Henry Harbaugh (October 28, 1817, near Waynesboro, Pennsylvania - December 28, 1867 in Mercersburg, Pennsylvania) was a Pennsylvania Dutch clergyman of the German Reformed Church.

==Biography==
He taught to obtain means to enter college, and studied at Mercersburg, Pennsylvania, but was unable to finish either a classical or theological course. He was ordained in 1843, and installed as pastor of the German Reformed Church at Lewisburg, Pennsylvania, and in 1850 accepted a call to the church at Lancaster, Pennsylvania, where he remained until he moved to Lebanon, Pennsylvania, in 1860.

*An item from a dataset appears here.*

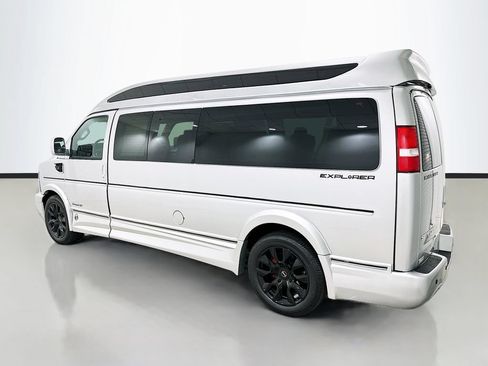 New 2026 GMC Savana 2500 Extended w/ Driver Convenience Package RWD image 5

In 1863, he was appointed by his synod professor of theology at the Mercersburg Seminary. He occupied this chair until his death, which was occasioned by undue mental exertion.

He was one of the exponents of the Mercersburg Theology.

==Works==
He published some poems in Pennsylvania Dutch, and also wrote:
- Heaven, or the Sainted Dead (3 vols., 1843–53)
- Heavenly Recognition (1851)
- The Heavenly Home (1853)
- Union with the Church (1853)
- Birds of the Bible (1854)
- Life of Rev. Richard Schlatter (1857)
- The Fathers of the German Reformed Church (1858)
- The True Glory of Woman, and a Plea for the Lord's Portion of a Christian's Wealth (1860)
- The Golden Censer (1860)
- Hymns and Chants (Lebanon, 1861)
- Christological Theology (Philadelphia, 1864)

He compiled numerous church almanacs, edited The Child's Treasury, and contributed a great number of sketches to the German Reformed Church "Cyclopaedia." From 1850 to 1866 he was the editor of the Guardian, a monthly magazine which he founded. Later he was editor of the Mercersburg Review and was on the staff of the Reformed Church Messenger.